> _TASK BRIEF_:
Transcribe every entry that follows exactly, omitting all pictures.

> _INPUT DATA_:
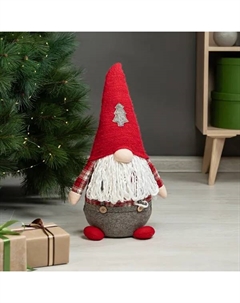 Фигура декоративная Гном 30 см красный Kreaforta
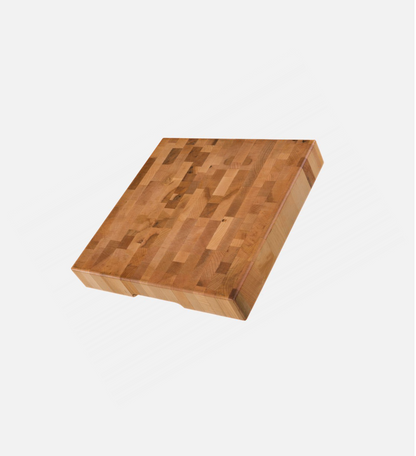Bloc de boucher en érable, grain debout, 12 x 12 x 2 po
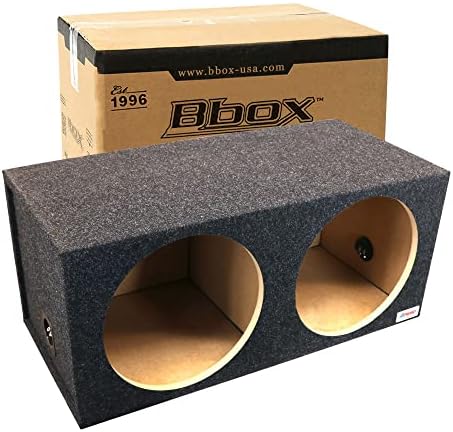 Bbox Single Vented 10 инчи куќиште за кутии за субвуфер - кутија за премиум сабвуфер го подобрува квалитетот на аудио, звук и бас - кутии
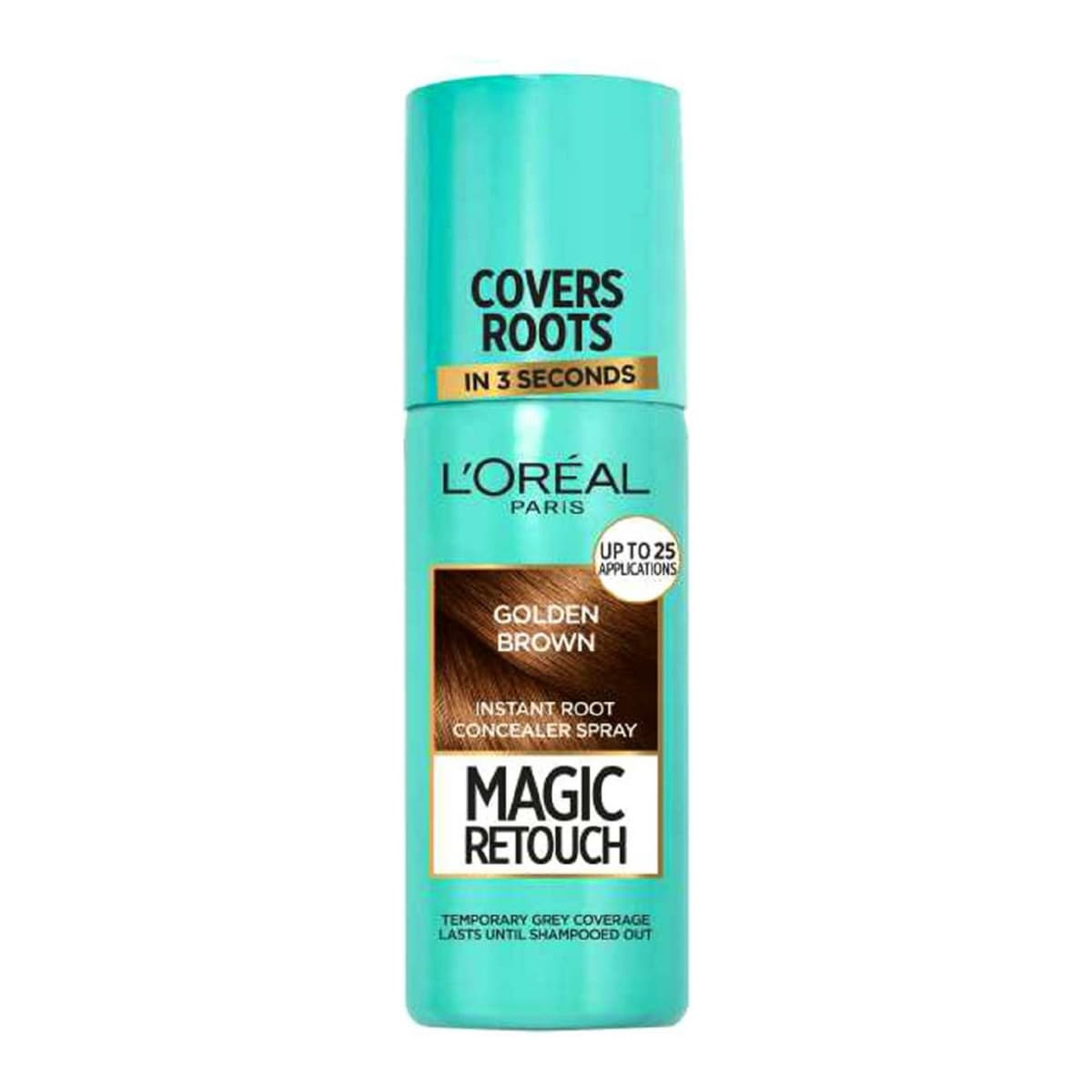 L’Oreal Paris Magic Retouch Golden Brown Root Touch Up, Temporary Instant Root Concealer Spray With Easy Application
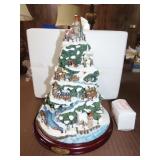 Thomas Kinkade Christmas by the Harbor Tree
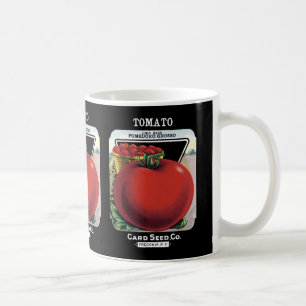 Etiket voor tomatenverpakking koffiemok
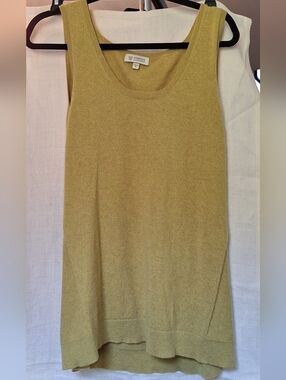 Kinross Cashmere Sweater Tank Womens XL Like New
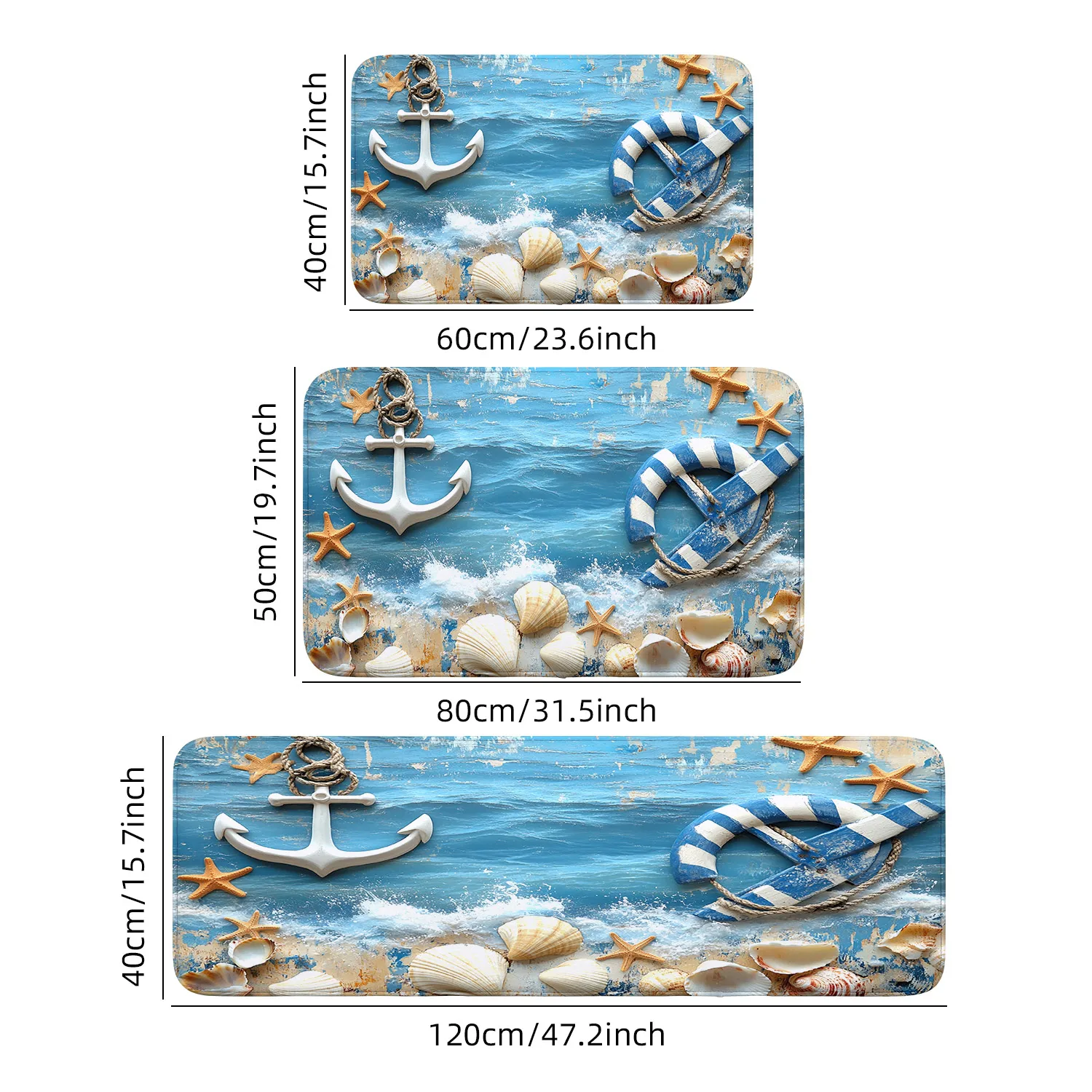 

Нескользящий коврик для ванной 100% полиэстер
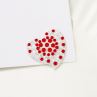 Red Heart Rhinestone Buttons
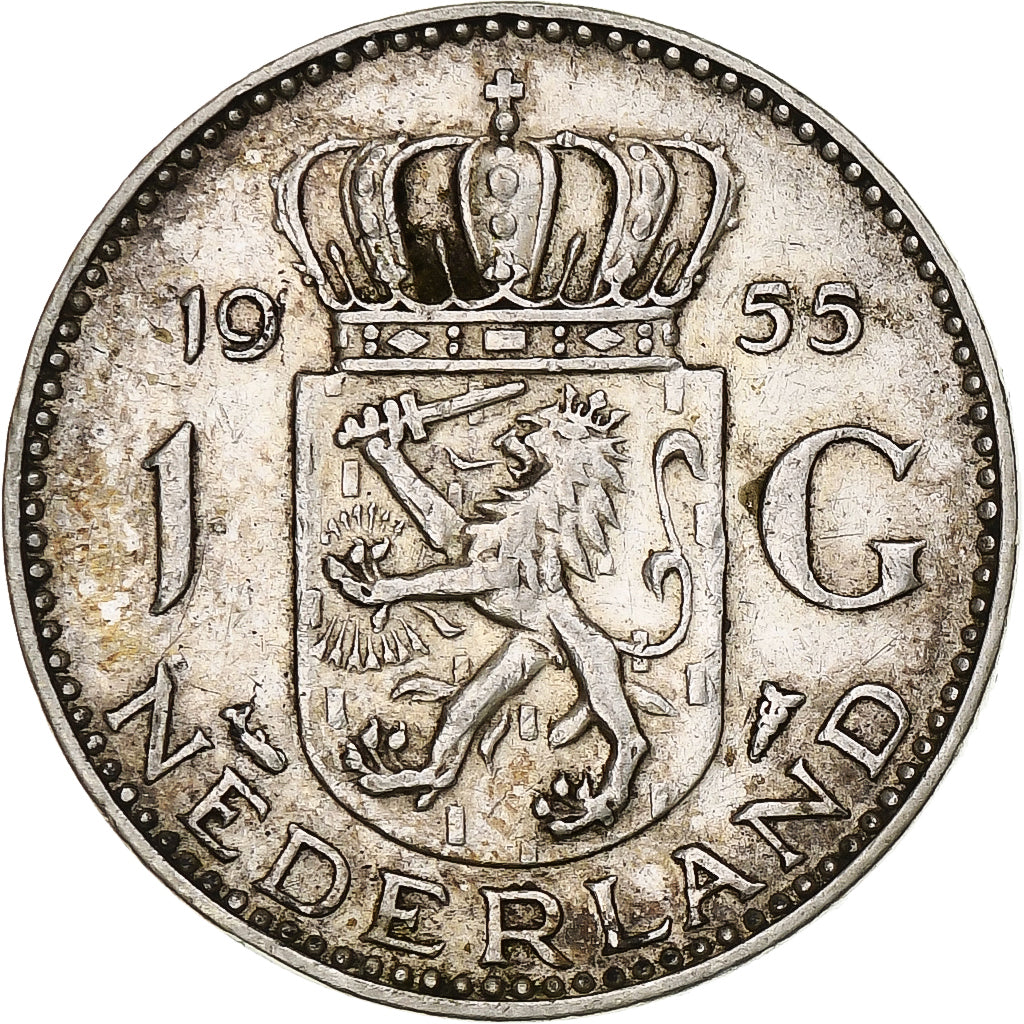 Pays-Bas, Juliana, 1 Gulden, 1955, KM 184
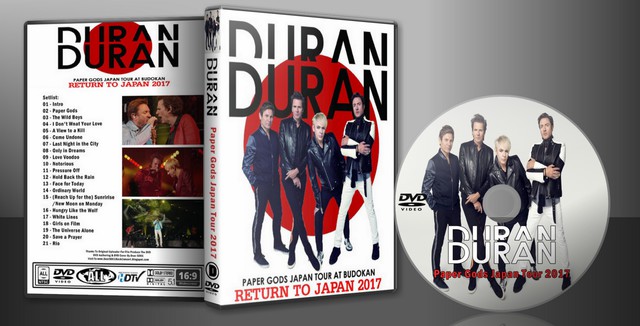 Duran Duran - Paper Gods Japan Tour Englisch 2017 AC3 DVD - Dorian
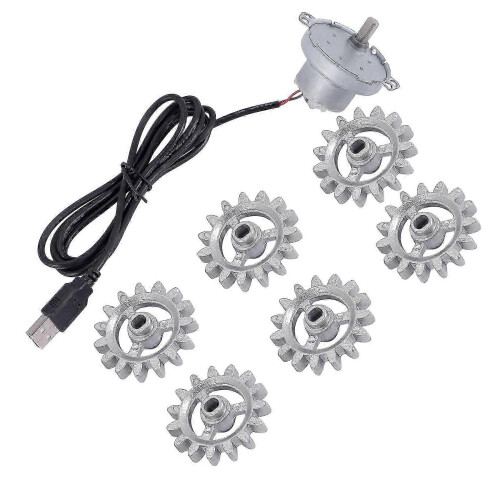 Automatic Rotisserie Grill Tools with USB Cable Motor DIY Tool Set 2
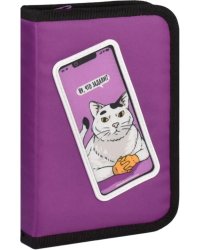 Пенал школьный Кот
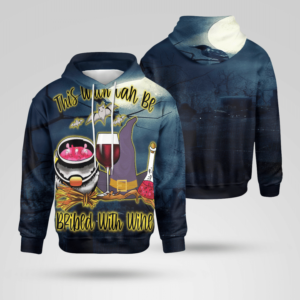 This Witch Can Be Bribed With Wine 3D All Over Print Shirt product photo 5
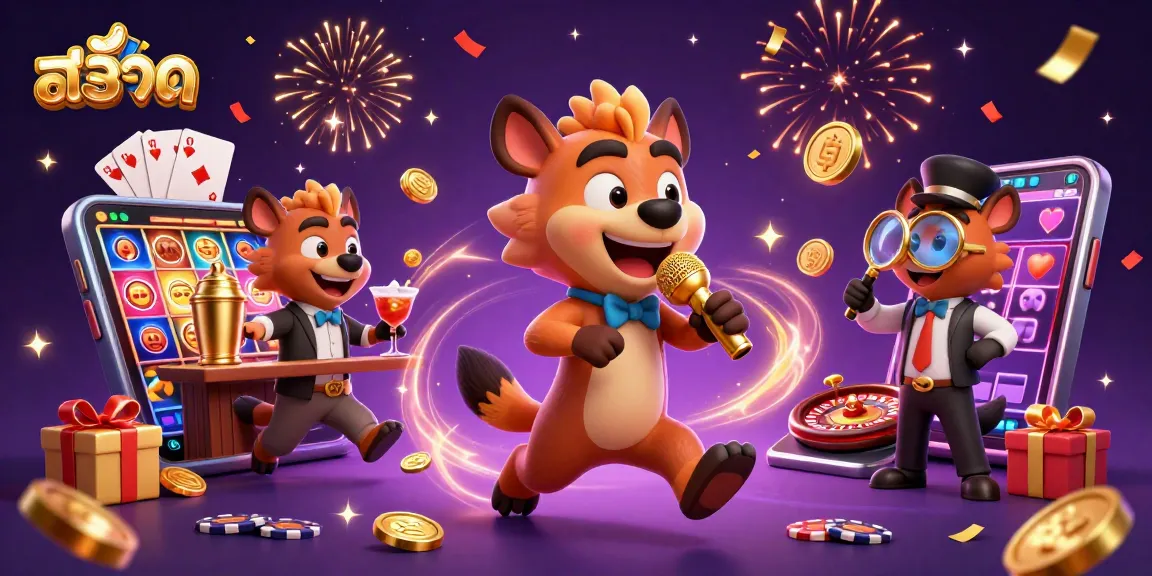 Spin the reels and win big with สล็อต at our vibrant comedy casino featuring lively hyena characters!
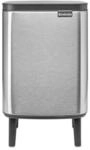 Brabantia Bo M&uuml;lleimer Hi, 7L - Matt Steel Fingerprint Proof M&uuml;lleimer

> _RESPONSE BOX_:
 Фигура декоративная Гном 30 см красный Kreaforta
Bloc de boucher en érable, grain debout, 12 x 12 x 2 po
 Bbox Single Vented 10 инчи куќиште за кутии за субвуфер - кутија за премиум сабвуфер го подобрува квалитетот на аудио, звук и бас - кутии
 L’Oreal Paris Magic Retouch Golden Brown Root Touch Up, Temporary Instant Root Concealer Spray With Easy Application
 Thomas Kinkade Christmas by the Harbor Tree
 Etiket voor tomatenverpakking koffiemok
 Kinross Cashmere Sweater Tank Womens XL Like New

Нескользящий коврик для ванной 100% полиэстер
 Red Heart Rhinestone Buttons
 Pays-Bas, Juliana, 1 Gulden, 1955, KM 184
 Duran Duran - Paper Gods Japan Tour Englisch 2017 AC3 DVD - Dorian
 Automatic Rotisserie Grill Tools with USB Cable Motor DIY Tool Set 2
 Пенал школьный Кот
 This Witch Can Be Bribed With Wine 3D All Over Print Shirt product photo 5
 Spin the reels and win big with สล็อต at our vibrant comedy casino featuring lively hyena characters!
 Brabantia Bo M&uuml;lleimer Hi, 7L - Matt Steel Fingerprint Proof M&uuml;lleimer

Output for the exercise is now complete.